Crónica de Wilton Fonseca, publicada no jornal i, a propósito da indisposição do Presidente da República Portuguesa durante um discurso proferido nas comemorações do Dia de Portugal, de Camões e das Comunidades Portuguesas, na cidade da Guarda, em 10 de junho de 2014.
Na Guarda, alguns manifestantes cansativos exibiram a sua insensibilidade, falta de respeito e educação perante uma indisposição do Presidente da República. Em S. Paulo, uma multidão da classe média branca, com poder aquisitivo para comprar bilhetes para o jogo inaugural da Copa, insultou a presidente do Brasil com palavras que nenhum jornal sério ousou reproduzir.
O respeitinho é bonito, embora não seja um valor absoluto. Mas recomenda-se. E a sociedade permissiva que criámos tem de estabelecer linhas divisórias entre o respeito e o insulto livre, generalizado e descabelado, aceite e desculpabilizado. Não estão aqui em causa as razões que levaram os manifestantes da Guarda ou de S. Paulo a desrespeitar os seus presidentes, eleitos livre e democraticamente. Cavaco nada disse sobre o assunto. Fez bem. Dilma afirmou aos jornais que os “xingamentos” nunca a desviariam do caminho que tinha traçado. Também fez bem.

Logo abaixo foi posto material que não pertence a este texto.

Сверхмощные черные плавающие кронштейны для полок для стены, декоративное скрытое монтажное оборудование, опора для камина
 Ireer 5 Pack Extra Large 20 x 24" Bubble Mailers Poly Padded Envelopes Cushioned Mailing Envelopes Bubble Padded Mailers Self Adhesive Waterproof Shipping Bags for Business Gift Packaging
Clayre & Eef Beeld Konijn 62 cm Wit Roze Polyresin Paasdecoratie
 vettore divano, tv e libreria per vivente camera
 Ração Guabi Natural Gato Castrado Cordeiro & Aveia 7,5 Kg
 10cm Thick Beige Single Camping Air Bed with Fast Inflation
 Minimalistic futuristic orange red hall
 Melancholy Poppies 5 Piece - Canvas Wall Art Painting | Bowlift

Xingar ganha aos poucos lugar no nosso quotidiano. Ainda há pouco tempo o verbo seria entendido como um brasileirismo, um sinónimo tropical de injuriar, insultar. Terá entrado na língua portuguesa através do quimbundo, entre os séculos XVII e XVIII. Como não podia deixar de ser, produziu os seus derivados, como o já mencionado xingamento, a xingaria, a xingação e – como sinónimo de «xingamento» – o curiosíssimo substantivo xingo*. Acho que é a melhor palavra para indicar o que se verificou na Guarda e em S. Paulo. Inqualificáveis xingos. Ordinaríssimos.
* A palavra xingo já se encontra atestada há algumas décadas em português, conforme entrada da edição de 1986 do Dicionário Aurélio (comunicação do consultor Luciano Eduardo de Oliveira).